Y los hay; bastante resecos, sí, pero se pueden fumar. Ernst le hace contar a Henrik el altercado en Åkerlunda. Y de pronto Henrik se vuelve hacia Anna, la mira intensamente y dice: ¿y tú vas a ser enfermera? Lo que lleva a Anna a ir en busca de un pequeño álbum: esta es la clínica Sophia, ¿ves?, y aquí en la parte de atrás, con las ventanas al parque y al bosque de Lill-Jan, tenemos las clases. Y aquí están los dormitorios, están bastante bien, solo vivimos dos en cada cuarto. La comida también es buena, y los profesores, estupendos. Aunque la disciplina es muy rígida. Y los días muy largos, nunca menos de doce horas. Desde las seis y media de la mañana hasta mucho después de las seis de la tarde. Así que para entonces una ya está muerta, ¿sabes Henrik? Anna está de rodillas en la silla de comedor, muy cerquita de Henrik, huele a algo fresco y dulce, no es exactamente perfume, sino tal vez un buen jabón. ¿O quizás es que ella huele así? ¿Solo ella? Ernst está sentado a la cabecera de la mesa, balanceándose en la silla con el puro entre el pulgar y el índice. Mira sonriente y, sí, un poquitín borracho a su hermana y a su amigo. Henrik siente el antebrazo de ella contra el suyo, su cabello le hace cosquillas cuando inclina la cabeza para buscarse en las ­fotografías. ¡Aquí estoy!, dice. No lo parece, el uniforme no sienta muy bien que digamos, aunque la cofia es mona, pero no nos la dan hasta que terminamos la carrera. Mi hermana va a ser hermana, mi hermana, hermana Anna, dice Ernst, y los tres se echan a reír. Por cierto, hacéis muy buena pareja juntos.

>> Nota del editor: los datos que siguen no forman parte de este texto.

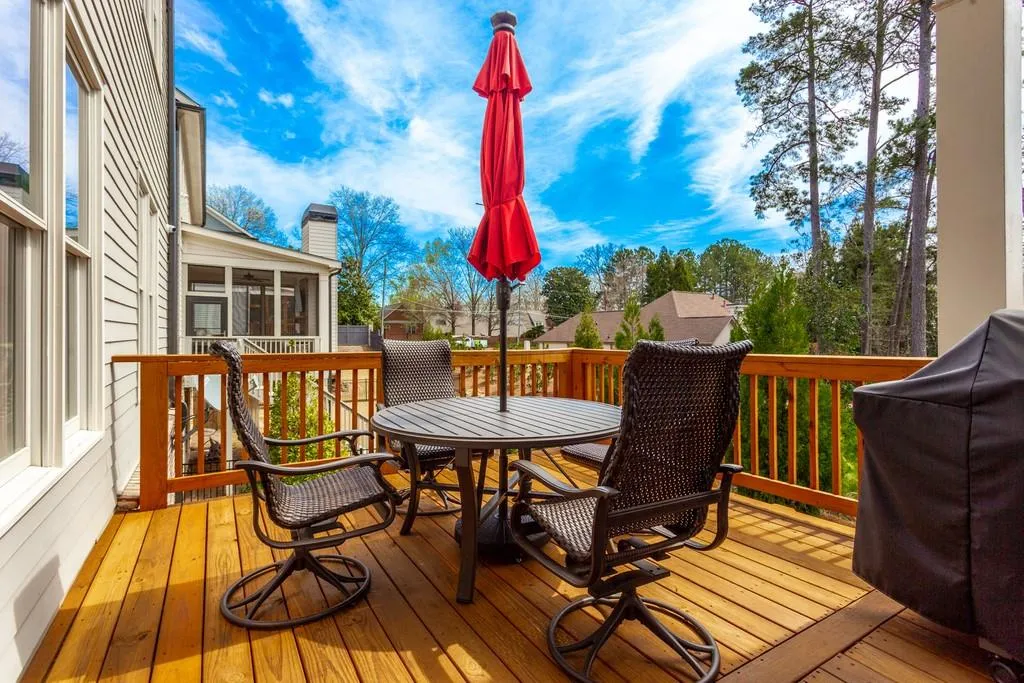 214 Belle Lane, Atlanta, Georgia 30328, 5 Bedrooms Bedrooms, ,5 BathroomsBathrooms,Residential,Sold,214 Belle Lane,6859602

Anna cierra de golpe su álbum y deja espacio entre ella y Henrik. ¿Te parece atractiva mi hermana? Más que atractiva, contesta Henrik con seriedad. E insiste: ¿qué quieres decir con eso? No lo estropees todo ahora que lo estamos pasando tan bien, dice Anna un poco enfadada y sirviéndose un poco de oporto. Me ha caído una gota en la falda, dice luego. Haz el favor de darme la garrafa de agua, Henrik, es mejor probar con agua. ¡Qué mala suerte! La falda nueva. Ernst y Henrik miran cómo Anna frota la mancha con su servilleta. La falda ciñe la redondez de la cadera y del muslo.

Terminan la bebida y recogen la cocina juntos. Ernst friega, Henrik seca, Anna ordena y coloca en alacenas y cajones. ¿De qué hablan mientras? Probablemente los dos hermanos cuentan cosas de mammchen: es mamá la que manda, mamá gobierna, mamá decide. Mamá se pone a hablar con papá, justo cuando este acaba de sentarse en su sillón preferido con el periódico y el cigarro de la mañana, y dice: oye, ­Johan; o bien: oye, Åkerblom (si es algo importante), ahora tenemos que decidir por fin si le echamos una mano a Carl otra vez con la letra de cambio o si dejamos que acuda a los desgraciados de los usureros, como siempre, eso ya lo sabemos. Tú decides, dice papá Johan. No, Johan, protesta mammchen sentándose, ya sabes que en los asuntos económicos siempre hago lo que tú dices, ¡no puedes seguir usando esa chaqueta, está empezando a salirle brillo en los codos!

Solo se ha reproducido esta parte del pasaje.